## ABOUT THIS TASK
Would you please reproduce all the entries exactly, leaving the pictures out?

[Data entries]
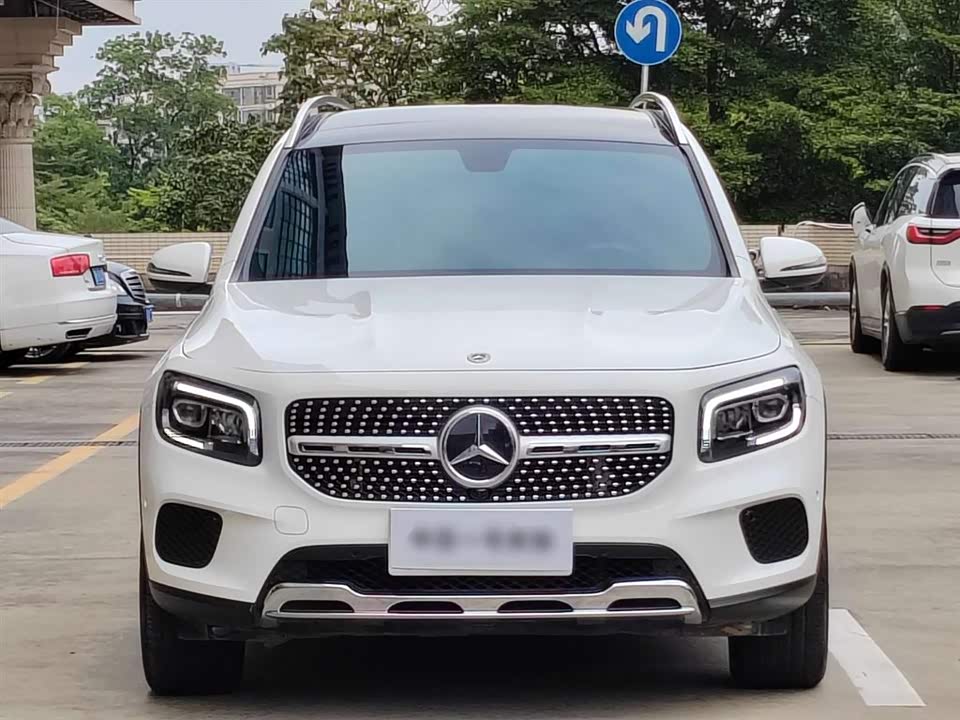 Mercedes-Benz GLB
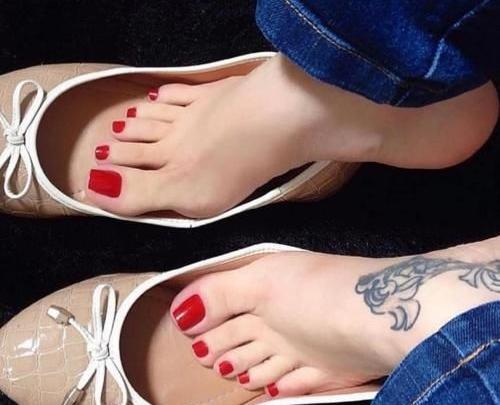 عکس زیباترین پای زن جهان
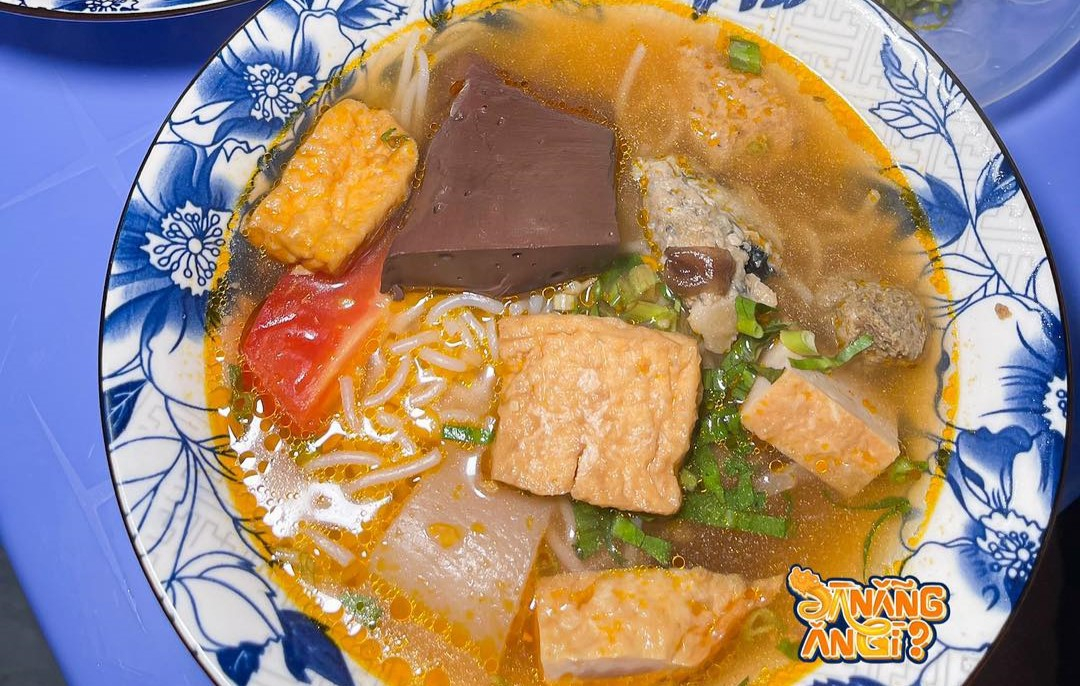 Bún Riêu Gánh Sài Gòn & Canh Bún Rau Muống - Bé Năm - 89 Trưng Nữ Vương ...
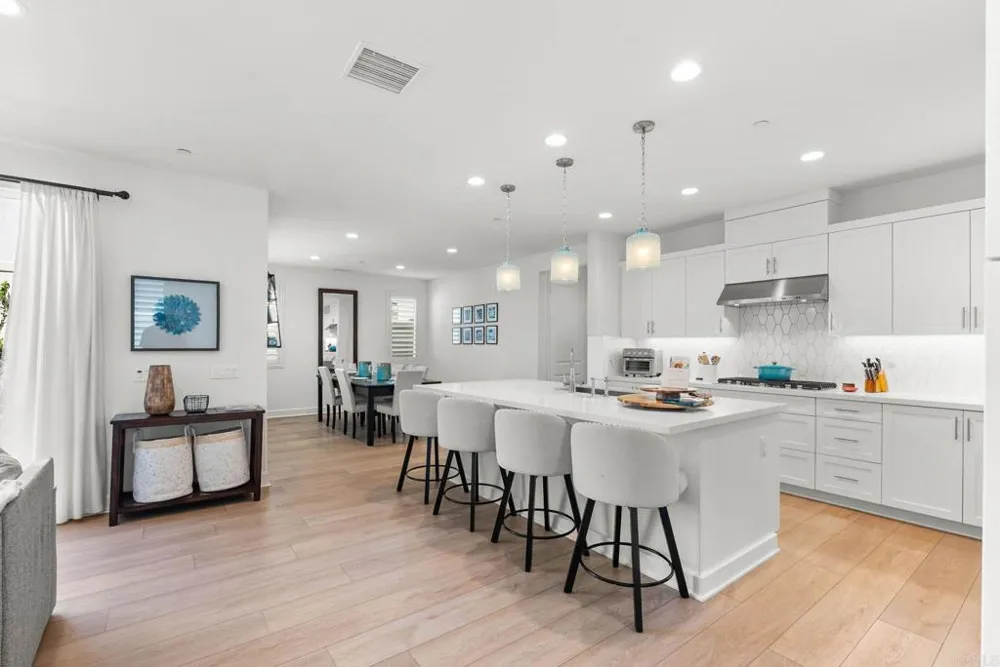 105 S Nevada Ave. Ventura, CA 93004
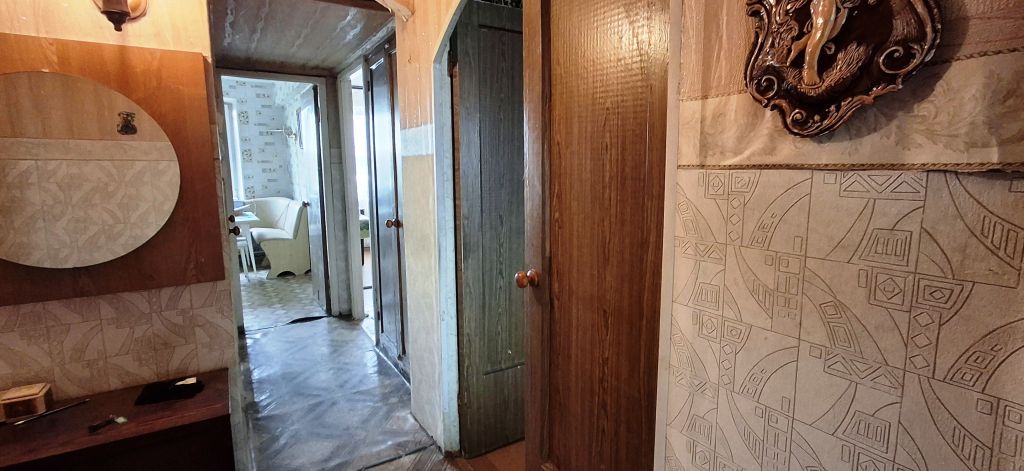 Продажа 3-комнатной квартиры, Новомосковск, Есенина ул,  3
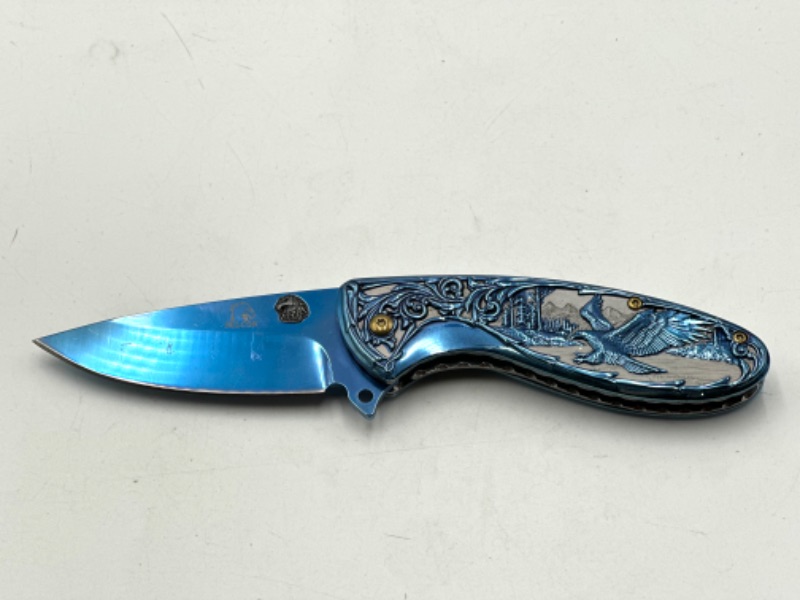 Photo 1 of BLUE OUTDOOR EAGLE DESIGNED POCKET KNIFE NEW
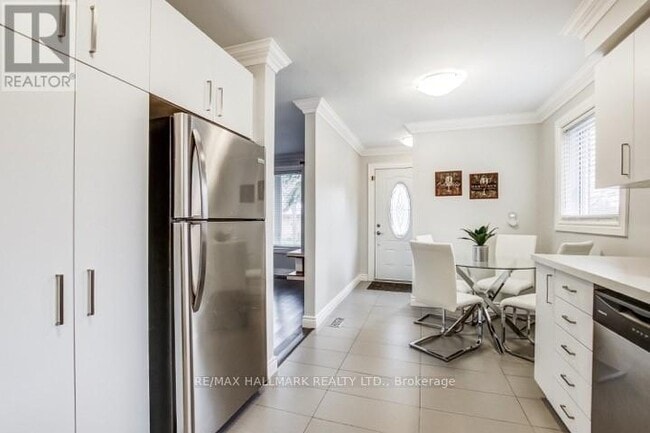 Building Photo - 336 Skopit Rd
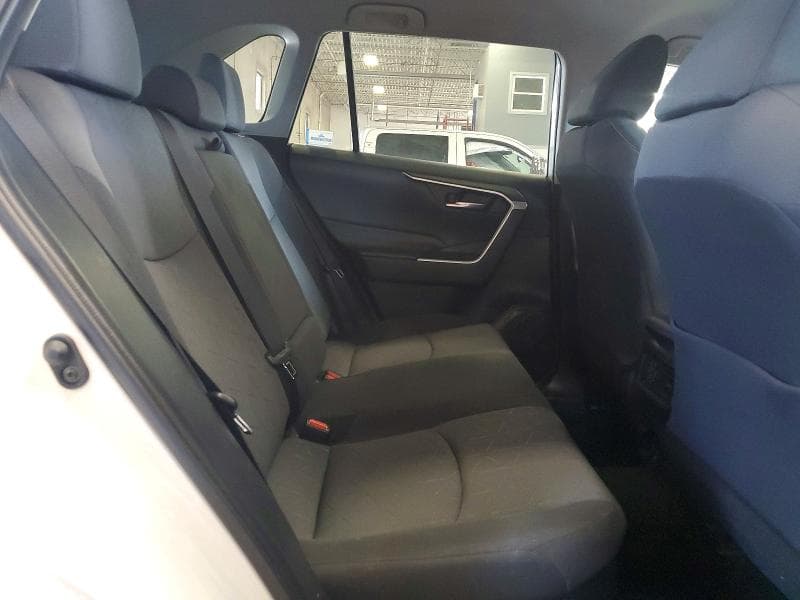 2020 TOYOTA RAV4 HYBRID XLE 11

## EXERCISE SOLUTION
 Mercedes-Benz GLB
 عکس زیباترین پای زن جهان
 Bún Riêu Gánh Sài Gòn & Canh Bún Rau Muống - Bé Năm - 89 Trưng Nữ Vương ...
 105 S Nevada Ave. Ventura, CA 93004
 Продажа 3-комнатной квартиры, Новомосковск, Есенина ул,  3
 Photo 1 of BLUE OUTDOOR EAGLE DESIGNED POCKET KNIFE NEW
 Building Photo - 336 Skopit Rd
 2020 TOYOTA RAV4 HYBRID XLE 11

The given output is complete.